▶ [YOUR INSTRUCTIONS]
For the records below, copy exactly the span that begins at the line containing "Vintage car door" and stops after the line containing "Der Klapperstein am", minus any pictures.

::: DATA SHOWN :::

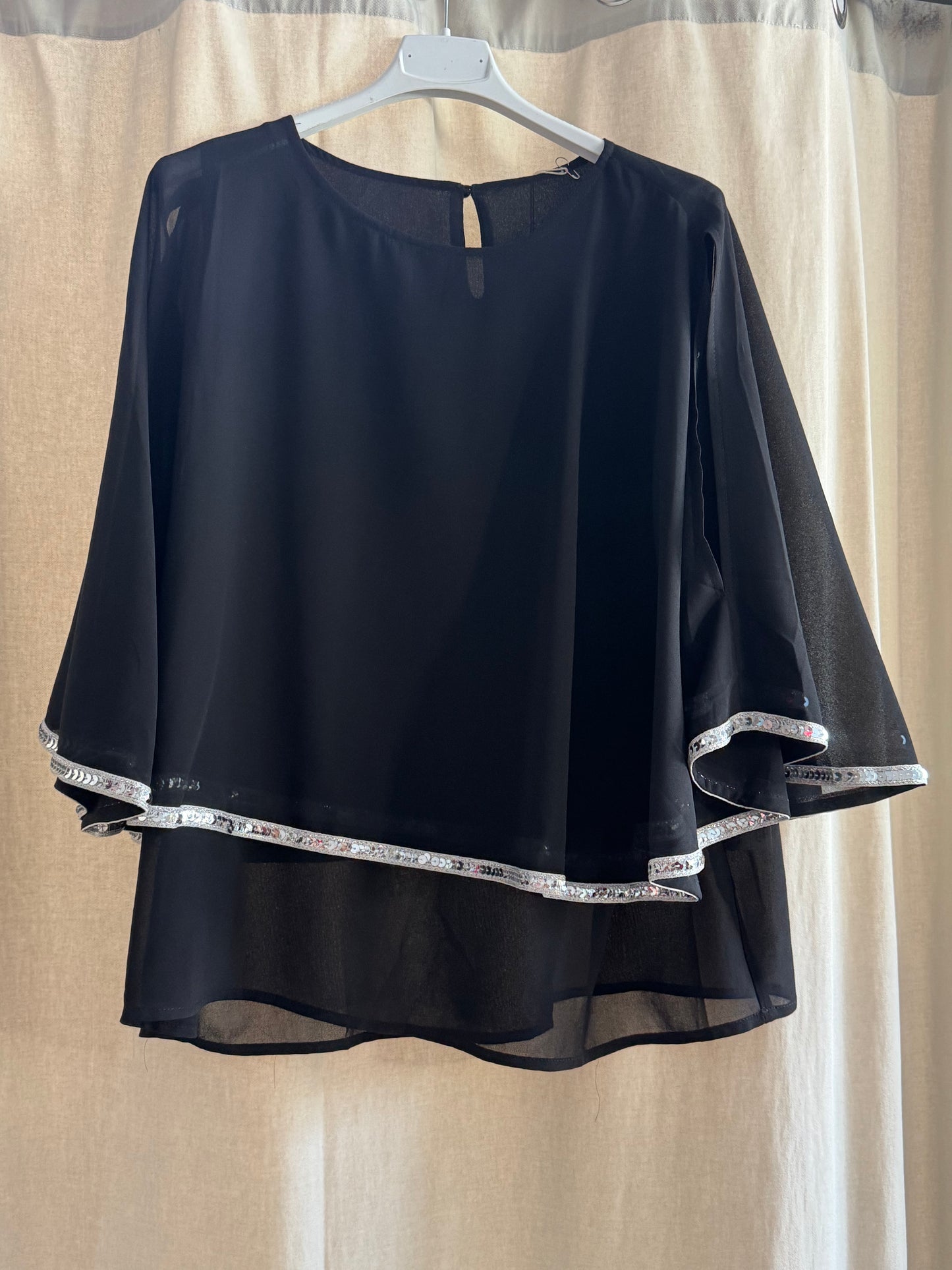 Blusa elegante con pailettes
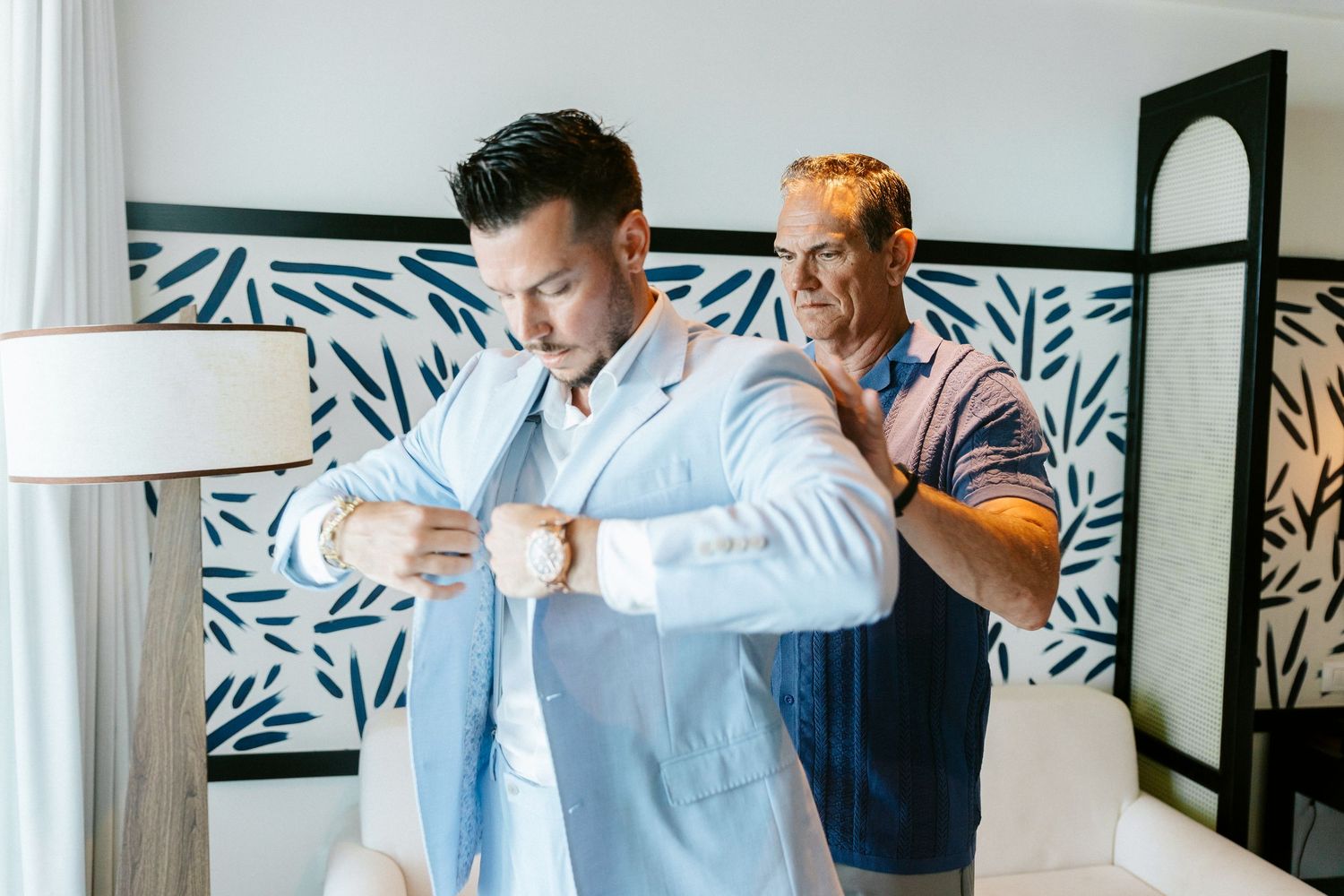 Groom in light blue suit adjusting cufflinks while older man helps with jacket in elegant room.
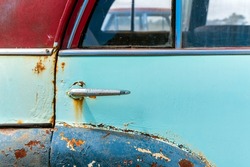 Vintage car door with rust and cracked faded paint around the handle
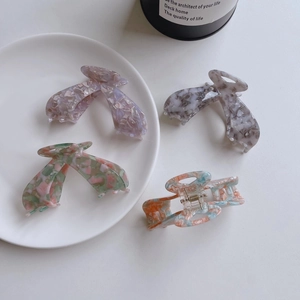 Set of four large acetate hair claws in leopard, marble, and floral prints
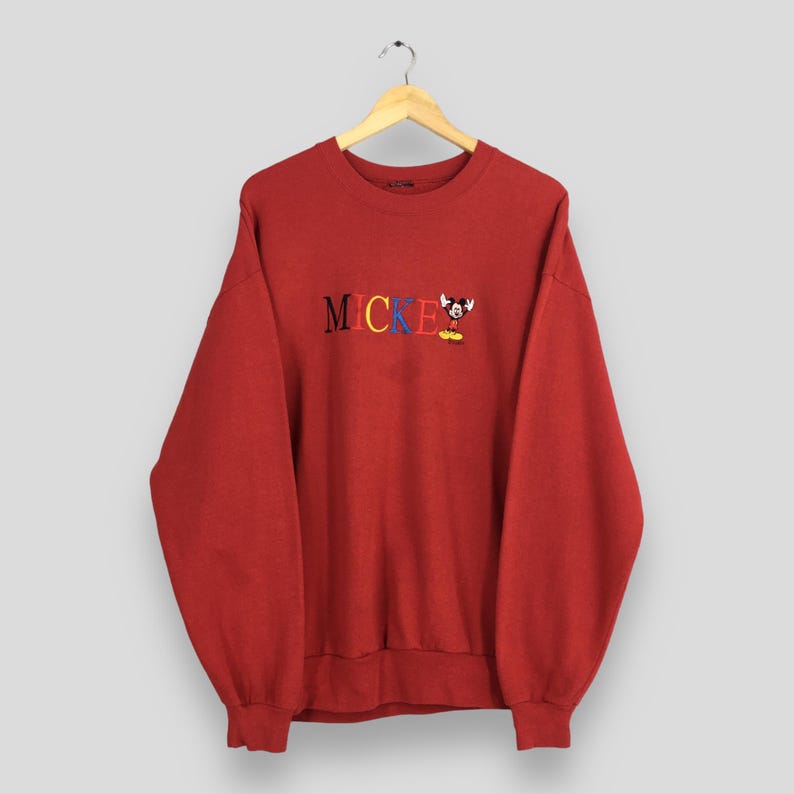 Peut inclure: Un sweat-shirt rouge avec le mot "MICKEY" brod&eacute; en couleurs vives. Une petite image brod&eacute;e de Mickey Mouse est pr&eacute;sente. Le sweat-shirt est suspendu &agrave; un cintre en bois.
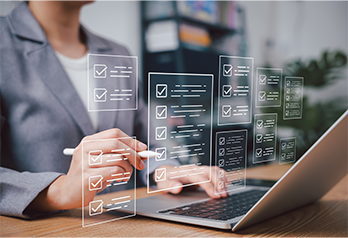 Person using a laptop with digital checklists or forms projected in front of them.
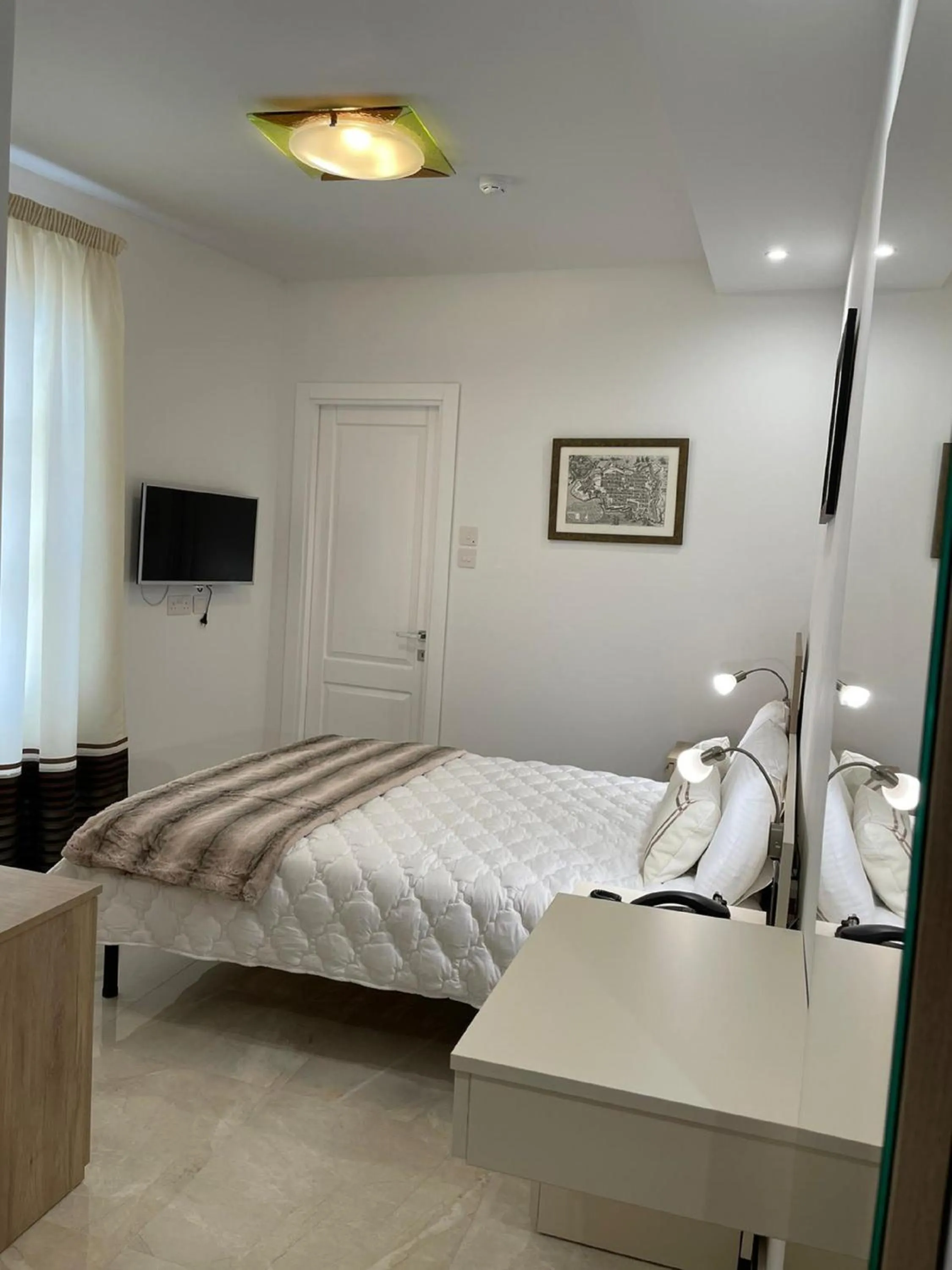 Bedroom, Bed in La Reggia Seaview Guesthouse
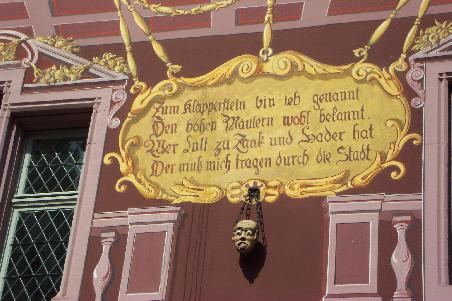 Der Klapperstein am goldenen Haus in Mulhouse. Wie die Innschrift sagt, mussten ihn die bösen Mäuler zur Strafe rittlings auf einem Esel reitend durch die Stadt tragen. Ein netter Brauch, leider wurde er abgeschafft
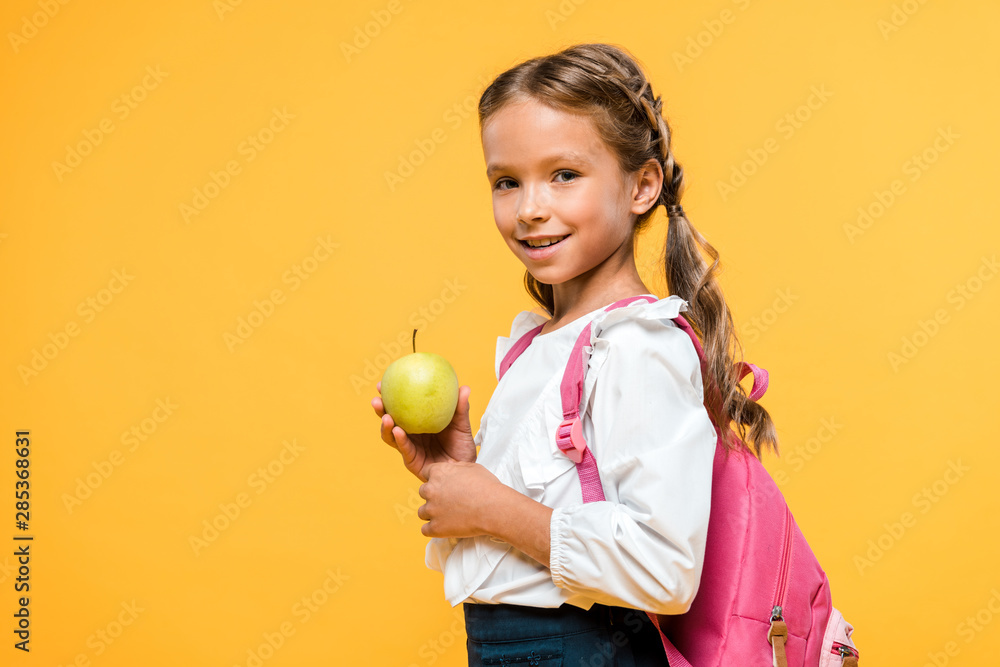 happy schoolchild holding tasty apple isolated on orange happy schoolchild holding tasty apple isolated on orange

:::

▶ [COMPLETED EXERCISE]
 Vintage car door with rust and cracked faded paint around the handle
 Set of four large acetate hair claws in leopard, marble, and floral prints
 Peut inclure: Un sweat-shirt rouge avec le mot "MICKEY" brod&eacute; en couleurs vives. Une petite image brod&eacute;e de Mickey Mouse est pr&eacute;sente. Le sweat-shirt est suspendu &agrave; un cintre en bois.
 Person using a laptop with digital checklists or forms projected in front of them.
 Bedroom, Bed in La Reggia Seaview Guesthouse
 Der Klapperstein am goldenen Haus in Mulhouse. Wie die Innschrift sagt, mussten ihn die bösen Mäuler zur Strafe rittlings auf einem Esel reitend durch die Stadt tragen. Ein netter Brauch, leider wurde er abgeschafft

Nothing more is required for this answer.